And so the logic of the Easter story goes like this.
Jesus died and three days later God raised him back to life. In raising Jesus, death was crushed. Life triumphed. The serpent, with all of its deceit, malice, and evil was crushed. Jesus crushed him. And as for you? This is now your Easter story because with Jesus you died (2 Cor 5:15). And with him you are raised to new life. Therefore, if anyone is in Christ, today, he or she is a new creation (2 Cor 5:17). This is true of you now. And in the future, your physical body will also be raised, just as Jesus’s body was raised.
For you, he crushed death so that you could be brought to new life.
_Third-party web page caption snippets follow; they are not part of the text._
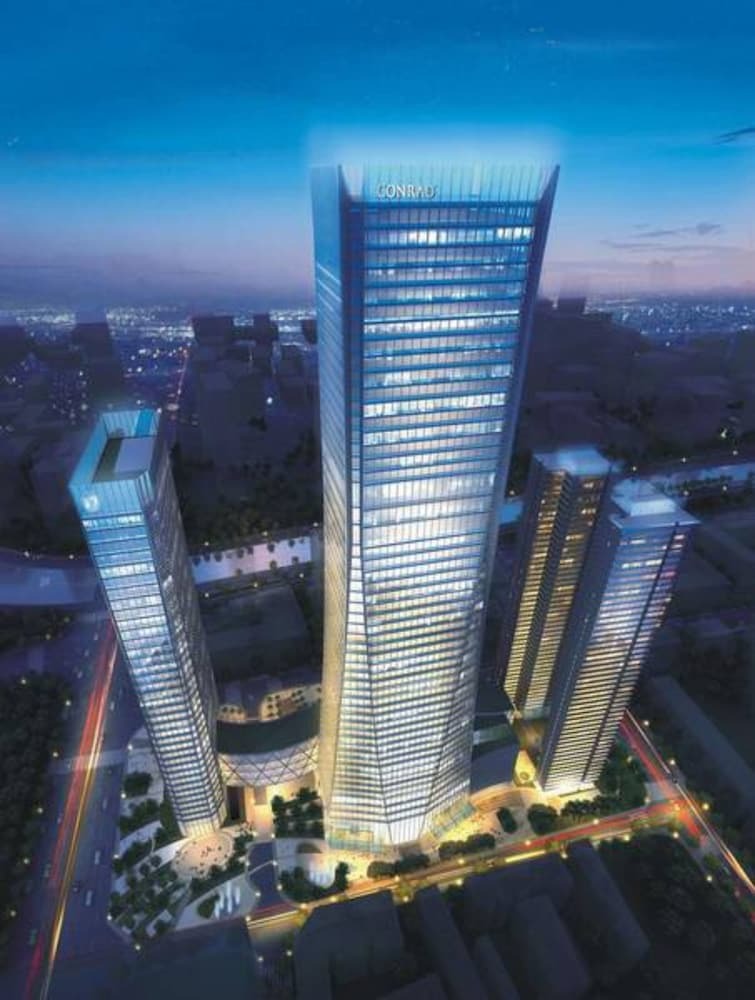 Chengdu In Service Apartment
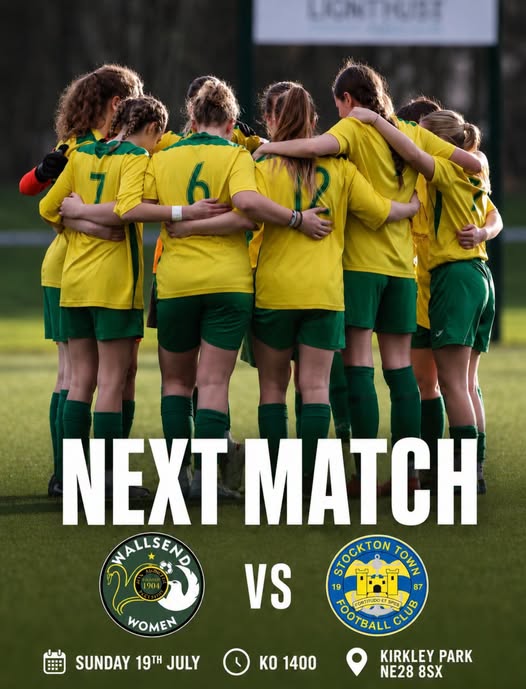 Wallsend Pre Season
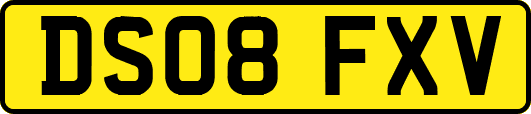 DS08FXV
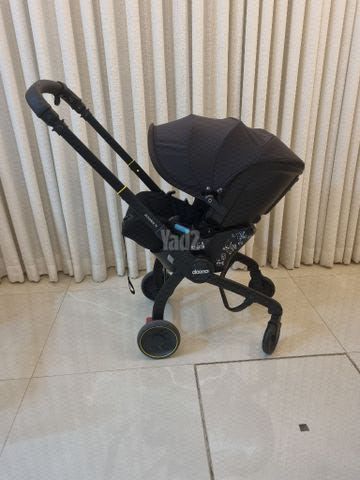 עגלת דונה x
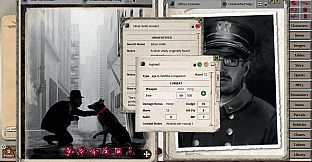 Fantasy Grounds - Does Love Forgive?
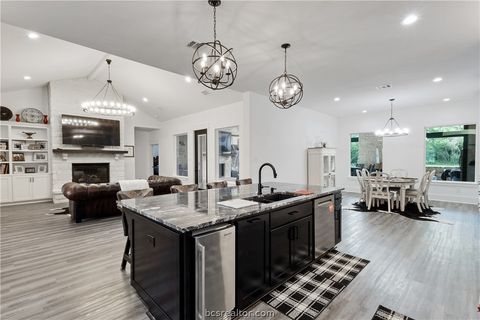 Tiny photo for 17303 Highway 21 W, North Zulch, TX 77872 (MLS # 26004380)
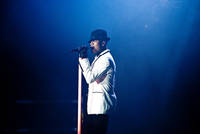 2010-02-25 - Ne-Yo från Baltiska Hallen, Malmö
For you, he bore the weight of all of your troubles—from the least to the greatest. With compassion for you, he bore them so that death became impermanent and glory became permanent. Oh, the glory will be tremendous! God’s people will be scooped up into it! The glory that awaits us is so lasting that today’s troubles—indeed all the troubles you and I will ever face, including death itself—can only be described as light and momentary ones. I know it doesn’t feel that way yet, but what you see and experience today is “temporary.” What is unseen, what is not yet in our experience, is “eternal” (2 Cor 4:18). The fullness of glory is coming.
Because of this story, we come again and again, every week, to hear this good news that has come from God. Even so, Easter Sunday is a special Sunday. It stands out from the rest of the year because all of the other Sundays depend on it. Because of Easter, our faith is established. Because of Easter, hope is certain. Enjoy this special day, brothers and sisters.
He is risen!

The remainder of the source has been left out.